WHAT IS EXPECTED. What is wanted is every line below from the one with "Original Active Pen" up to and including the one with "株式上場(東証スタンダード)", retyped exactly, pictures excluded, nothing else.

(DATA PROVIDED Opens)

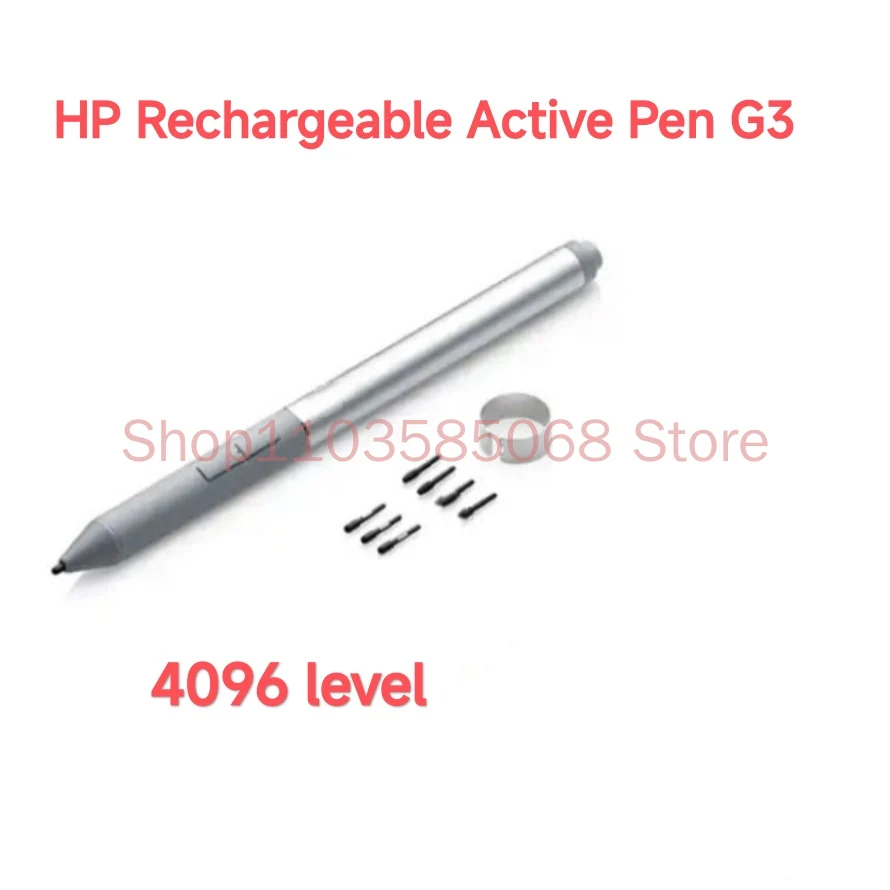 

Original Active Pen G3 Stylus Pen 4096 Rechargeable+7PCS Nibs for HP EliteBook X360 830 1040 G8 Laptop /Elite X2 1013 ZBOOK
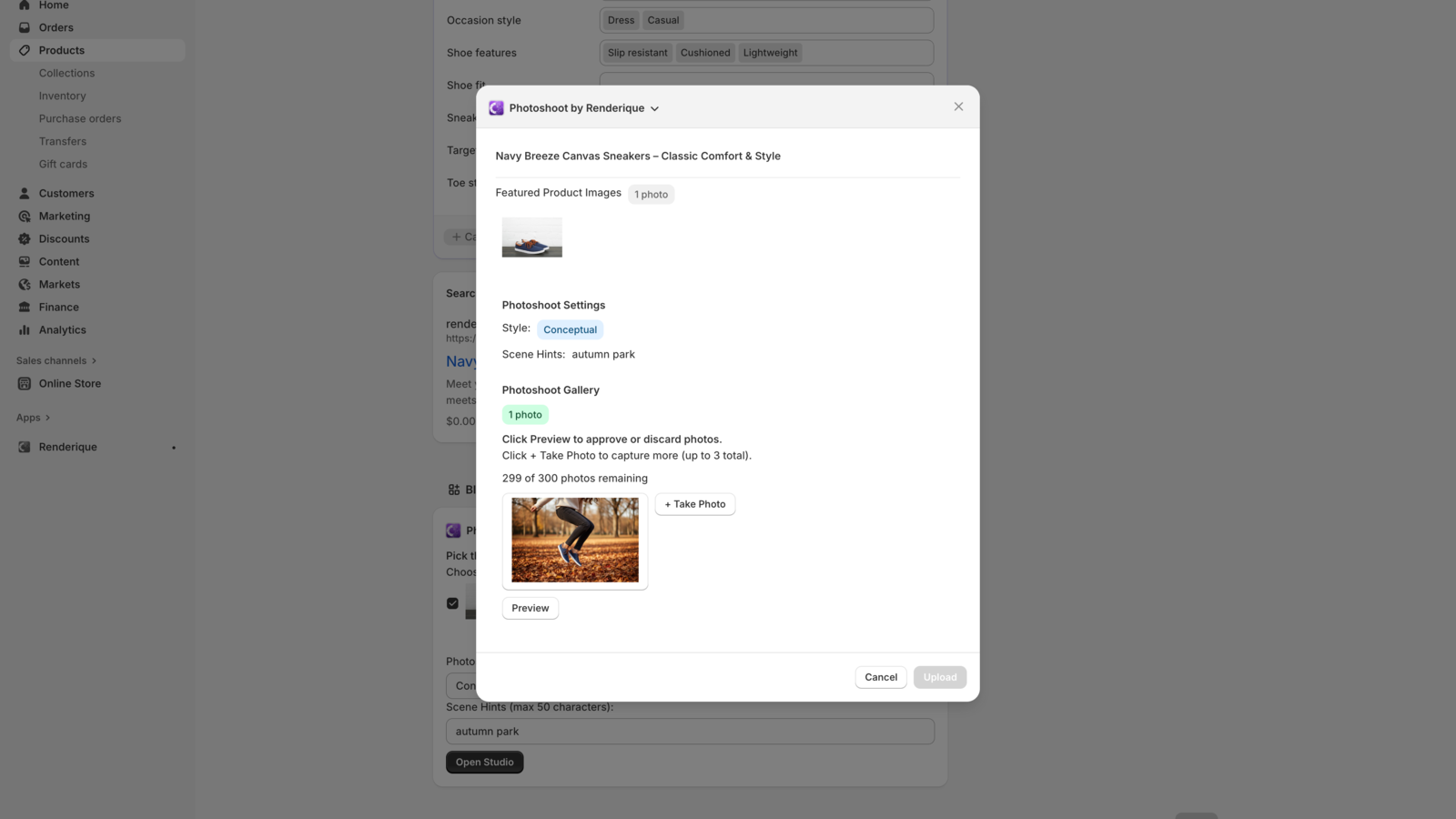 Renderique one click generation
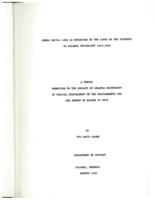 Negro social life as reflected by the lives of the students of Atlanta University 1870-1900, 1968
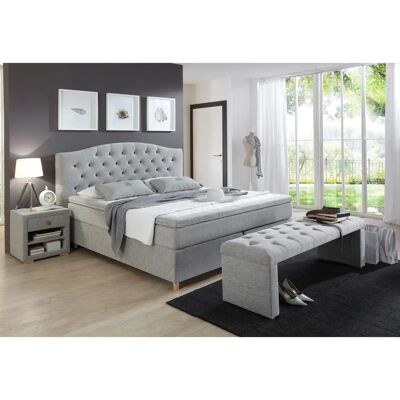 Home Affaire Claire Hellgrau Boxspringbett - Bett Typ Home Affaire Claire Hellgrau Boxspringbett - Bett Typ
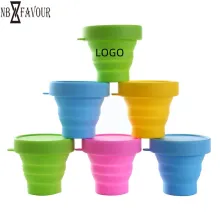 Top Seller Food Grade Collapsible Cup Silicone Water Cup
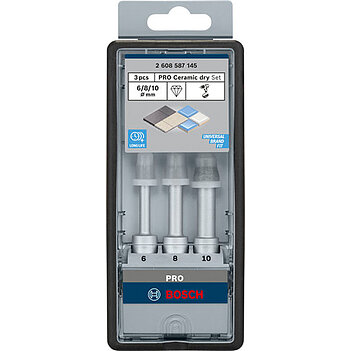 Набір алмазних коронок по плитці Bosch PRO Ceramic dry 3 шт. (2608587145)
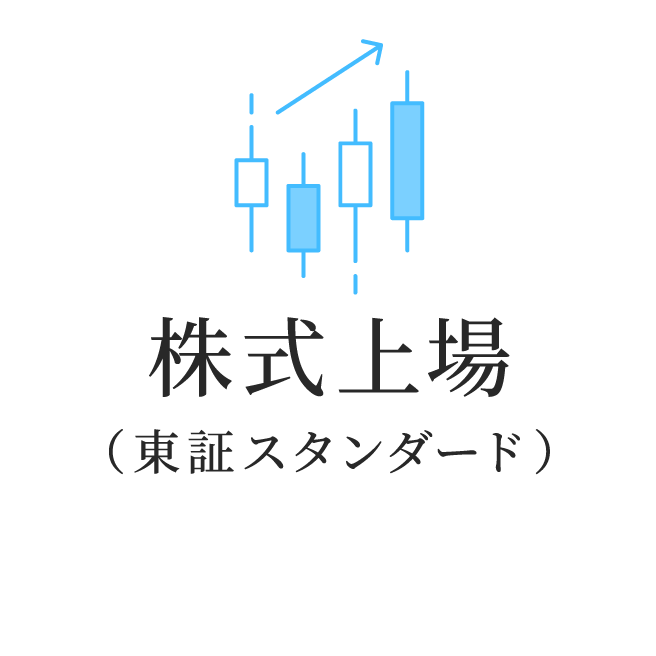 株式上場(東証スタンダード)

(DATA PROVIDED Closes)
(DATA PROVIDED Opens)

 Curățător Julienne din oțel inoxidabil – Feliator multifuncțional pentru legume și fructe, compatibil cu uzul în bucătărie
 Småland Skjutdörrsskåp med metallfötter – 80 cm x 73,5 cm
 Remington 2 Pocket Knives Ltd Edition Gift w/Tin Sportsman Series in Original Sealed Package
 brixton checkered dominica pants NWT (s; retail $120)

(DATA PROVIDED Closes)

FINAL ANSWER.
Original Active Pen G3 Stylus Pen 4096 Rechargeable+7PCS Nibs for HP EliteBook X360 830 1040 G8 Laptop /Elite X2 1013 ZBOOK
 Renderique one click generation
 Negro social life as reflected by the lives of the students of Atlanta University 1870-1900, 1968
 Home Affaire Claire Hellgrau Boxspringbett - Bett Typ Home Affaire Claire Hellgrau Boxspringbett - Bett Typ
 Top Seller Food Grade Collapsible Cup Silicone Water Cup
 Набір алмазних коронок по плитці Bosch PRO Ceramic dry 3 шт. (2608587145)
 株式上場(東証スタンダード)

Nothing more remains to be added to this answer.